As a basic object in calculating the effectiveness of the proposed method, the technology for the production of sheets of medium-carbon chromium-nickel steels at the metallurgical enterprise "Red October" was adopted. The implementation of the proposed method will increase the profitability of the production of sheets of special and universal purposes by 20-25%.

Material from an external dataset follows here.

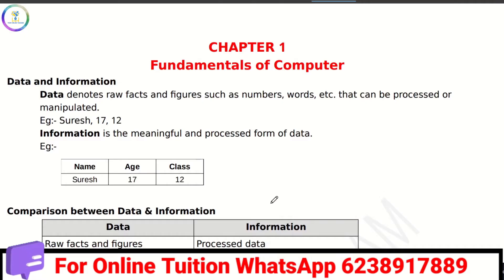Hi friends, welcome back to my channel, your online teacher. In this video we are going to go to the Plus One Computer Applications Aditha chapter. If you don't have any help, please comment.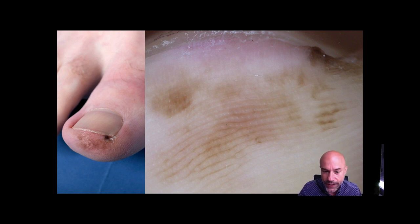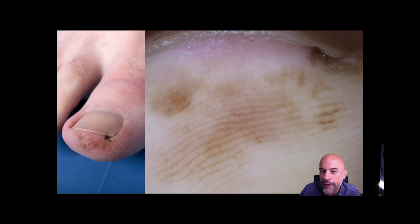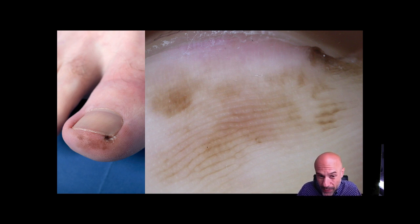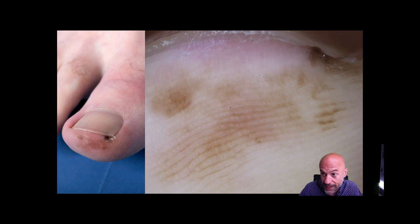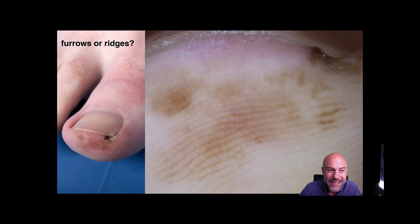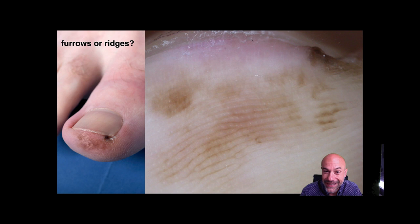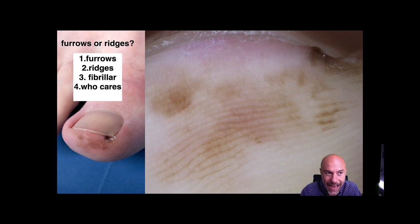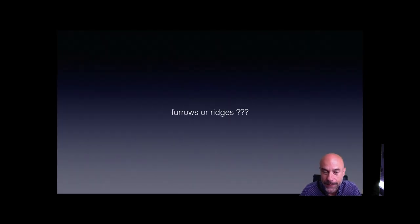For instance, in this lesion, if you try to answer furrows or ridges, it could be that the response would be mainly furrows — and this could mislead you to the conclusion that it is a nevus. But if you assess the overall symmetry of this lesion, then you will not miss it, because the lesion is highly asymmetric in terms of colors and structures. This is particularly important in lesions where we cannot decide if the pigmentation is on the furrows or the ridges — in a case like this, the answer to the question furrows or ridges should be: who cares, since the lesion is highly asymmetric.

Literary sources used in the preparation of the description of the invention:

1. Application No. 61-163210, Japan, IPC C21D 8/00, 1986

2. Application No. 61-223125, Japan, IPC C21D 8/02, C22C 38/54, 1986

3. Patent of the Russian Federation No. 2191833, IPC C21D 8/02, 2002 - prototype.

Claims (2)

1. A method of producing chromium-nickel sheet steel, including heating flat billets to an austenitizing temperature, multi-pass reversible hot rolling with a regulated rolling end temperature and hardening of the sheets in water, characterized in that after hot rolling, the sheets are exposed to air and then hardened, and the exposure time of the sheets in air and the temperature of the end of the rolling set depending on the content of chemical elements in steel according to the ratios T _kp ≥850 ° C and τ≤30 s at 2 · C + Ni + Cr = 0.90-1.80; T _kp ≥750 ° C and τ≤55 s at 2 · C + Ni + Cr = 1.81-3.40; T _kp ≥700 ° C and τ≤65 s at 2 · C + Ni + Cr = 3.41-4.80, where T _kn - the temperature of the end of rolling; τ is the exposure time before quenching; C, Ni, Cr — carbon, nickel and chromium content in steel, respectively, wt.%. 2. The method according to claim 1, characterized in that when rolling sheets with a thickness of not more than 7.0 mm, the relative compression in each pass is maintained within 30-50%.